If Fletcher is wildly different from Duffy in style (during the course of our conversation he quoted William Butler Yeats, William F. Buckley Jr. and “The Wire”), he’s less so on substance. He emphatically rejects value-added analysis of teacher performance and accuses the paper of having “poisoned the well so deeply” that it has vastly complicated the quest to produce a new method of teacher evaluation. He’s concerned about what he sees as the stratification of a system into charter schools and those left behind. And he’s dismissive of attempts to reduce teaching to quantitative measures. “You can’t fatten a pig by weighing it,” he said, peering over his glasses.
Exercising leadership of UTLA is notoriously difficult.
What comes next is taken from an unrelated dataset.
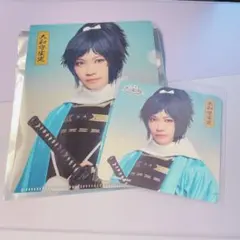 刀ミュ 2.5茶屋 すえひろがり 大和守安定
The union’s active membership is just a fraction of the district’s 40,000 teachers, and its core activists historically have been much more combative than teachers generally. That creates a tug on the union leadership, pulling it toward confrontation with the district when some teachers, perhaps even most, might be more comfortable with cooperation. Without addressing those questions specifically, Fletcher emphasized that he would be an “unapologetic … voice for the classroom” and suggested that such a voice was essential at a time when those in charge of the district “don’t have a commitment to the institution” and “don’t really understand what they’re doing.”
Even there, though, he displayed a refreshing command of nuance and dedication to civility. He declined to denigrate Supt. John Deasy or refer to him by his first name. “He’s Dr. Deasy,” Fletcher said. “He’s my boss.” He acknowledged that both district and union are responsible for the wretched communications between them, and he insisted that he could be principled in defense of his members without being strident.
It was harder for him to hold his tongue about Mayor Antonio Villaraigosa. The mayor worked for UTLA years ago — Fletcher was a member of the board that hired him in 1987 — and Villaraigosa’s recent attacks on the union have struck many of his former colleagues as political opportunism, the desire to score points as independent of the union at its expense.
Asked about Villaraigosa, Fletcher fought hard to contain himself. The mayor, he said, is a resident of California and Los Angeles and “a prominent citizen” and as such has every right to voice his opinions on school issues. But Los Angeles is chock-a-block with prominent citizens, from the vapid to the preening to the merely rich. Isn’t the mayor entitled to more respect than any of L.A.'s infinite number of celebrities? Fletcher sniffed out the dangers in that question. “In the end, he has experience,” he said of Villaraigosa. “He’s been inside the L.A. schools. He’s the mayor.... If he wants to be a constructive part of the conversation, we’re happy to join him.”
UTLA’s past leadership has made it a pariah and symbol of uncompromising adherence to a failing status quo. Fletcher’s election offers an opportunity for the union to reinvent itself as a principled advocate of educational excellence with an unbridled commitment to students. Will UTLA be party to a rescue or the last defense of a failure? As Fletcher said, the union “will have to be a part of saving LAUSD.” And Fletcher will have to be a part of saving UTLA.